NEWS / Envoy Gration Seeks Deal for Peace Accord in Sudan


By Merle David Kellerhals Jr.
Staff Writer



Washington — U.S. Special Envoy for Sudan Scott Gration is in Juba, Southern Sudan, to hold talks with the Sudan People’s Liberation Movement and President Omar Hassan al-Bashir’s National Congress Party on two sticking points to implementation of a broader 2005 peace accord, the State Department announced September 8.

Gration is traveling to Sudan September 9–14 and is visiting Juba, Boma, Darfur and Khartoum. His travel comes as the United States is near announcing a new policy on Sudan, and the troubled Darfur region.

The talks in Juba center on resolving issues over a census, which is essential to holding elections, and on preparations for a self-determination referendum. National elections are scheduled for 2010 and a referendum on southern independence for 2011.

Gration told Congress recently that the goal is to conclude an agreement that will allow the Sudanese to return to their homes and resume their lives in safety and security. Previous peace efforts have faltered, Gration testified, and the United States has learned from those experiences.

“We will concentrate on finding a path forward on the two remaining unresolved sticking points for full … implementation,” Gration told Reuters news agency. These two issues were not included in a bilateral agreement that was agreed upon on August 19, the State Department said.

President Obama has made enhancing the 2005 Comprehensive Peace Agreement a significant U.S. foreign policy objective and that is part of the reason he named a special envoy to negotiate agreements and further the peace process.

While in Darfur, Gration will visit two camps for displaced persons — at Abu Shouk and Zam Zam — to assess humanitarian conditions, meet with camp administrators, and meet with women leaders about gender-based violence and address programs aimed at ending the attacks. And in the Darfur region, he will meet in El Fasher with General Patrick Nyamvumba, the new commander of the UNAMID force (United Nations–African Union Mission in Darfur), and with section leaders of the displaced persons camp in the El Fasher area. And he will also visit Ain Siro in Northern Darfur to meet with civic leaders who are in support of the Darfur peace process.

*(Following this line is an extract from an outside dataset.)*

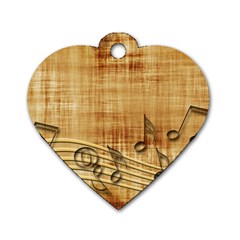 Dance Music Dog Tag Heart (one Side) by Dutashop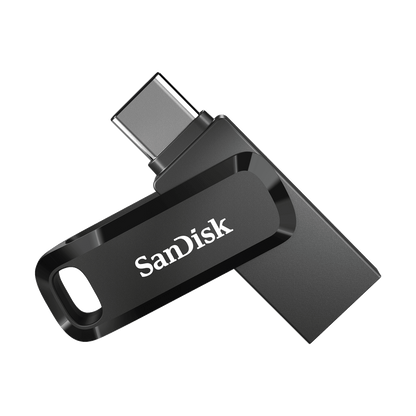 Zewnętrzna pamięć USB-A 3.2 / USB-C SanDisk Ultra Dual Go, 128Gb SDDDC3-128G-G46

Gration will travel to Khartoum, where he will meet with former African heads of state Thabo Mbeki of South Africa, Abdulsalami Abubakar of Nigeria and Pierre Buyoya of Burundi. “The African Union’s High Panel on Darfur (AUPD), chaired by President Mbeki, and the Arab League [are] set to release a report to the public on [September 15] on issues of justice, accountability, stability and development in Darfur,” the State Department said.

In the region of Boma, where annual animal migration rivals that of the Serengeti, Gration will examine conservation efforts and view an example of untapped ecotourism and development potential in the South, the State Department said in a statement.

The United States is engaging with the fragmented movements in Darfur to bring them to the peace table with a single voice; is working with Libya and Egypt to end the proxy war between Chad and Sudan; and is supporting the full deployment of the U.N.–African Union Mission in Darfur to protect Darfuri civilians, Gration testified before Congress.

The second aspect of the emerging U.S. strategy involves sustaining peace between the North and the South. In January 2005, the Sudanese government and the Sudan People’s Liberation Movement signed the Comprehensive Peace Agreement (CPA), ending a 22-year war. However, Gration said that four and a half years after the agreement, peace remains fragile.

Sudan will hold national elections in April 2010 and referenda in Southern Sudan and the Abyei region in January 2011. Gration said the U.S. strategy calls for a functioning and stable Sudanese government, and one that will either include a government of Southern Sudan or coexist peacefully with an independent Southern Sudan.